I just read my unit‘s history book (the former Lake Sup Regiment [motor]) and Hochwald was an absolute meatgrinder for the Canadians, especially the armoured units that the LSR was providing infantry for, which lost many tanks.

If you are in the area, definitely check it out.


----------



## GregC (7 Dec 2003)

Brin11- Since I‘m heading down to Ortona I really should check out the Hitler line as well, and while there Anzio isn‘t far away......then again they are both on the west coast and Ortona is on the opposite side. 
Man, I have alot of places to see! 

Thanks again Xfusilier, Verdun is now on my list, I haven‘t read too much about Verdun, just in passing references in books on the Somme where they said that The Somme offensive was created to try and relieve the pressure on the French fortress of Verdun in the North.

Thanks alot for the tips everyone, I can‘t wait to get over there, I‘ll make sure to get pictures of the areas and post them if anyone is interested.


----------



## GregC (7 Dec 2003)

One last thing guys: I was downtown today looking for some kind of sizeable backpack, and they seem awfully pricey for something along the lines of like a 70 litre pack, especially for one I will have little use for after my trip. I‘m looking at like 300 bucks or more for a decent pack, is there anything you guys would recommend?
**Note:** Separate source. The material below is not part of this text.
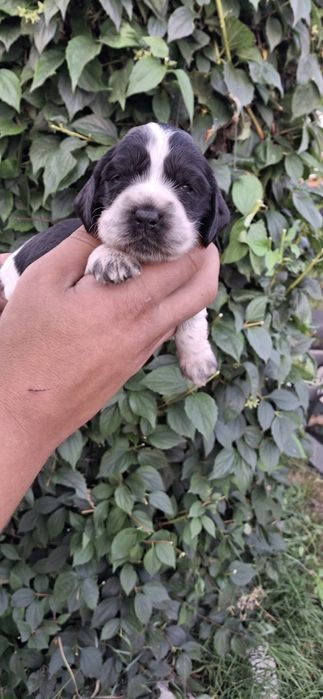 Cocker Spaniel Angielski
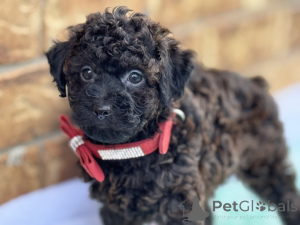 Photo №1. maltipu - à vendre en ville de Bayerbach Bei Ergoldsbach | 900€ | Annonce №150167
realistically, would something like a 64 or 80-something rucksack from a surplus store be a better choice? I‘d really rather save my money for stuff in Europe rather than blowing 350 on a backpack, so I was wondering if rummaging around at a local surplus store would be a good plan. thanks alot guys


----------



## JSA (7 Dec 2003)

I carried the old ruck (64 patttern) for the majority of my career and I still use it for camping/ hiking.  I like it because it is pretty versitial.  js


----------



## GregC (7 Dec 2003)

JSA- how much do you figure I could grab a 64 ruck for? And any tips on how to keep it watertight (covers, etc)


----------



## JSA (8 Dec 2003)

I‘m living up north for almost the past decade so I couldn‘t help you except to say check out your local surplus stores.  All you need is the frame as I think they sell bags that will fit (waterproof) at the PPCLI regt kitshop (or maybe the Airbourne one).  With a little bit of imagination you can rig any bag to the old frame (which was what made it so versatile).  The sleeping bag valise doesn‘t have to be the army one, most good bags come with valise‘s so thats not a problem unless your colour concious.  Surplus stores (at least when I was down there) always had collections of stuff (strapping, bags, pads etc) that most folks would regard as junk but an enterprising soldier could find use for.  In regards to waterproofing, I myself use the old favourite.. a green garbage bag and ziplock bags for individual items.  Good luck on your search and have a safe trip.  Oh yay and Merry Christmas.  js


----------



## JSA (8 Dec 2003)

Further to my last, there‘s a PPCLI WO who I believe is posted to Jerico Beach who can sew just about anything.  Check it out.  js


----------



## GregC (8 Dec 2003)

Thanks alot JSA, I‘m heading out tomorrow to see if I can find a good 64 or 82 ruck, thanks alot for your advice. Once I get all the stuff, I may need your assistance setting it up    Hopefully it‘s a straightforward system, I figure getting used to using systems like this will only help more for when I get to BMQ, that and having to find my way around Europe alone with a map and compass!

Merry Christmas to you too JSA, we need more guys like you on the board!


----------



## JSA (11 Dec 2003)

If your going into basic training, do what your told.  Any creativity in how you carry your kit can wait until your doing TQ 3 (whatever their calling it now) or later.  Best to be the ‘grey‘ man and learn everything you can.  Be aware though that everybody will want to show you how ‘they‘ do things.  You‘ll decide what works for you based on what works and don‘t hurt.  js


----------